Mourinho’s successor at Real Madrid, Carlo Ancelotti, is the supreme ego smoother. It’s clear from what Arbeloa says that Mourinho is not.

“He is not able to say: ‘How’s it going? What’s happening? How do you feel?’ to a player who isn’t trying. If he has a player who isn’t giving 100 per cent then he isn’t capable of putting an arm around his shoulder.”

He wouldn’t be the first great coach to not indulge under-performers but what of the public criticism of players? Arbeloa sees it as a last resort: “If you give everything but it’s not your day he is never going to come out and criticise you. But if he sees that he defends a player in public and nothing changes then he thinks ‘well, maybe I’ll wake them up another way’.”

This season Cesc Fabregas, Eden Hazard, John Terry and Nemanja Matic have all been picked out. In his last season at Madrid, he took on Iker Casillas, Sergio Ramos and Cristiano Ronaldo.

Spats with the former two are well documented; the deterioration of his relationship with Ronaldo was a slow-burner, although there are stories of one heated dressing-room exchange between the pair with Arbeloa among the peacemakers keeping them apart.

“When a coach spends long enough at a club there are always flare-ups. It happened with Mourinho but look at the Ferguson boot incident with Beckham. Every coach, when the pulse is racing, can say something and a player jumps up and responds but Jose, in the three years he was here, we practically never had that kind of situation.”

Mourinho’s style of football was criticised, too. His team liked to let the other side have the ball, wait for them to make mistakes, and then punish them. Klopp decided his Dortmund team would play exactly the same way against Real and the tactic worked.

Arbeloa says: “Everyone gets labelled. Here they say that Benitez is very defensive and yet we are the team that takes the most shots at goal. You don’t win the Premier League the way Chelsea won it last season only playing on the counter-attack. They have top players and they can play perfectly well when it’s the other team that sits back and most of the time teams were doing that last season. You can’t tell me that players such as Matic and Fabregas don’t know how to play.”

He also has no time for the theory that Mourinho burns his players out after two years. “We should be able to cope with the maximum being demanded of us. If us players burn out in the third season I don’t think it’s Mourinho’s problem.”

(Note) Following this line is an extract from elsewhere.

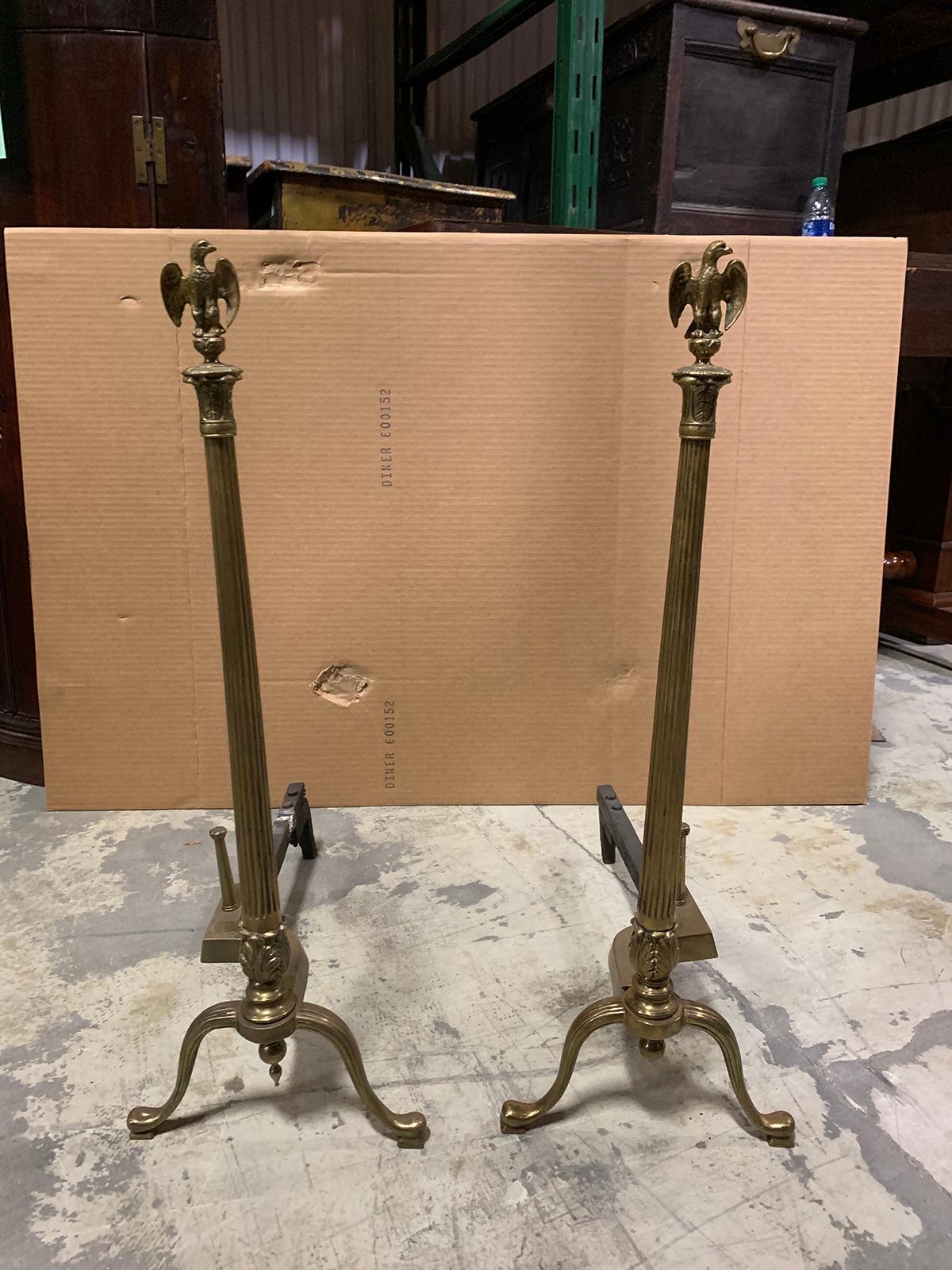 Pair of 20th century brass fluted column andirons with eagle finials.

Energy is something Mourinho himself never seems to lack. At times he looks like someone who once he stares down at the chess board and sees that he’s three moves from being put in check-mate, flips it up into the air sending the pieces flying. Does he hate losing so much, he would rather just lose the plot?

“He is not used to losing, it really burns him up inside,” says Arbeloa. “But I think ultimately it is that inner energy that enables him to turn things around. If he accepted it better – if he settled for second best, if he said: ‘you can’t always win’, he would be just like any other coach. Perhaps that is what distinguishes him from the rest.”

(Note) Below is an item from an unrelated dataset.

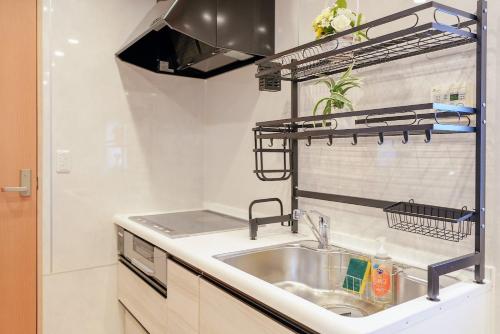 a kitchen with a sink and a shelf above it at 板橋駅前店・ダイヤモンド・悠 in Tokyo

He almost says: “that’s what makes him special”. It’s been a long time since Mourinho, or anyone else called him special without it being a reference to the tired old moniker. Is he running out of suitors should he leave Chelsea?

“He has won the league in England, Italy, Spain and Portugal and two Champions Leagues with two different clubs. You can’t have any doubts about him. He still guarantees success. His problem is that he has spoiled people – every club he has managed, he has won things. He could retire today and he would go down as one of the best coaches in history. So imagine what he can still achieve in the future.”

Could that future even include a return to Real?

“I’ve been asked before and I always say: ‘yes, why not?’ He is very direct and he tells people straight and that upsets some. There are a lot of people that are waiting [for him to fail] but there are a lot more people waiting to see him turn things around. I don’t think the door at Real Madrid is shut to him.”